Two months after the attacks of 9/11, the Bush administration, in the midst of what it perceived to be a state of emergency, authorized the indefinite detention of noncitizens suspected of terrorist activities and their subsequent trials by a military commission. Here, distinguished Italian philosopher Giorgio Agamben uses such circumstances to argue that this unusual extension of power, or "state of exception," has historically been an underexamined and powerful strategy that has the potential to transform democracies into totalitarian states.
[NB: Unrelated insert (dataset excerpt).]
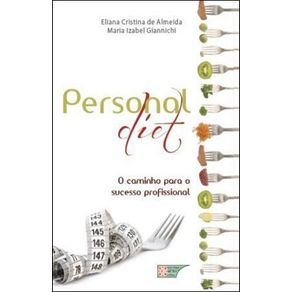 705856_ampliada.jpg 705856_ampliada.jpg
The sequel to Agamben's Homo Sacer: Sovereign Power and Bare Life, State of Exception is the first book to theorize the state of exception in historical and philosophical context. In Agamben's view, the majority of legal scholars and policymakers in Europe as well as the United States have wrongly rejected the necessity of such a theory, claiming instead that the state of exception is a pragmatic question. Agamben argues here that the state of exception, which was meant to be a provisional measure, became in the course of the twentieth century a normal paradigm of government. Writing nothing less than the history of the state of exception in its various national contexts throughout Western Europe and the United States, Agamben uses the work of Carl Schmitt as a foil for his reflections as well as that of Derrida, Benjamin, and Arendt.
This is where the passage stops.